Ya el hombre o la sociedad experimentan siempre su particular delirio. El delirio romántico de lo sublime, la modernidad apocalíptica de la abstracción simbólica, el mundo de las sombras que nos atan al sino trágico y absurdo de la existencia, el precipicio del capitalismo. Altas y bajas pasiones que, en último termino, son víctimas de sus delirios de grandeza. Deseo material o espiritual, poco importa cuando entendemos que el problema nos es la razón en sí, sino la deshonesta búsqueda de legitimación de la sinrazón, donde el escenario se da la vuelta y la locura se convierte en el estado de cosas que fundamentan la cordura generalizada. Un doble delirio hay, el del falso cuerdo que ignora la verdadera cordura y el del verdadero cuerdo que enloquece ante la locura impuesta como normal (legítima y lógica).

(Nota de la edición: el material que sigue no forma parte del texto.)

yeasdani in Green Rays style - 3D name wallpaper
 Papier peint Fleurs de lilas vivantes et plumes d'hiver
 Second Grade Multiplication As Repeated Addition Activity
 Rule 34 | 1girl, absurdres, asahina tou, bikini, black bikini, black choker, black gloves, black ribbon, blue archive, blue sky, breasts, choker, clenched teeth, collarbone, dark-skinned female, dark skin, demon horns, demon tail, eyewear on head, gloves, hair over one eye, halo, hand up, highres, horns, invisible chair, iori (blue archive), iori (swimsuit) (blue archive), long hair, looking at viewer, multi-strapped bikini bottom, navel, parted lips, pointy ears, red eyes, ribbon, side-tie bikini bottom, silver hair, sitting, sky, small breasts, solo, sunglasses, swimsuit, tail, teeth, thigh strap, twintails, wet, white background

El delirio del poder trae duras realidades. El deseo se abisma en su fábrica sin límites de imposturas fatuas, artificiales, de voraz consumo. La máscara asfixia -como el exceso de CO2- y se expande sin freno, llamando a la búsqueda de una cordura acaso irreconciliable con una razón difuminada por la carnavalesca huida de su centro. Así, algunos no tienen más remedio que instalarse afuera, para observar lo que hay dentro. “Comprendía el silencio del Éter, pero jamás entendí las palabras del hombre”, confesaría Hölderlin. El tiempo pasa ineludible, y, como también cantó el citado poeta alemán: “No nos es dado descansar en ninguna parte; desaparecen, sufren los hombres, caen ciegamente de una hora en otra, como agua, de roca en roca arrojada durante años a la incertidumbre”. Pero aún así, queda el optimismo, donde siempre está la posibilidad de levantarse, con más de una certezas que atesoren luces soñadas e inauguren nuevos caminos.